Le manioc, tubercule stratégique pour la sécurité alimentaire ivoirienne, fait l’objet d’une alerte sanitaire majeure. La Direction générale des Productions et de la Sécurité Alimentaire (DGPSA) a confirmé la présence de la souche ougandaise du virus de la mosaïque du manioc de l’Afrique de l’Est (EACMV-Ug) dans le nord-ouest de la Côte d’Ivoire, par la circulaire n°1399 du 8 août 2022.
Cette souche virulente, transmise par les aleurodes et le matériel végétal infecté, provoque un nanisme des plants, la déformation des feuilles et peut réduire jusqu’à 90 % le rendement tubéreux. La crise ougandaise des années 1980, où des millions de tonnes de manioc ont été perdues, rappelle le danger que représente ce virus : famine, exode rural et pertes économiques colossales.
En Côte d’Ivoire, la menace est sérieuse : la production nationale annuelle avoisine 1,8 million de tonnes, et près de 35 % de la consommation calorique rurale repose sur le manioc et ses dérivés. Les 450 000 exploitants concernés pourraient voir leurs revenus, estimés à 180 milliards de francs CFA, fortement réduits. Les industries de transformation, notamment l’attiéké et la fécule, sont également à risque.

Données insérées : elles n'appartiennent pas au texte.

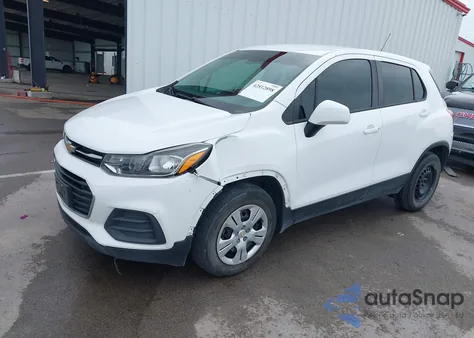 2018 Chevrolet Trax Ls z USA, uszkodzony, nr VIN KL7CJKSB2JB605094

Face à cette menace, la DGPSA prescrit des mesures strictes : interdiction de circulation de boutures contaminées, destruction systématique des plants infectés, recours exclusif à des boutures certifiées saines et vigilance accrue dans les zones à risque, dont le Poro, le Haut-Sassandra et le Denguélé. Les instituts de recherche agricole sont mobilisés pour développer des variétés résistantes.
L’alerte nationale implique une coordination entre le Ministère de l’Agriculture, l’ANADER, les GIE de producteurs et la Fédération Nationale des Producteurs de Manioc. La détection précoce est cruciale pour contenir le virus avant qu’il ne se propage au reste du pays, évitant ainsi une crise alimentaire et économique majeure. La vigilance des producteurs et des autorités sera déterminante pour protéger le manioc ivoirien.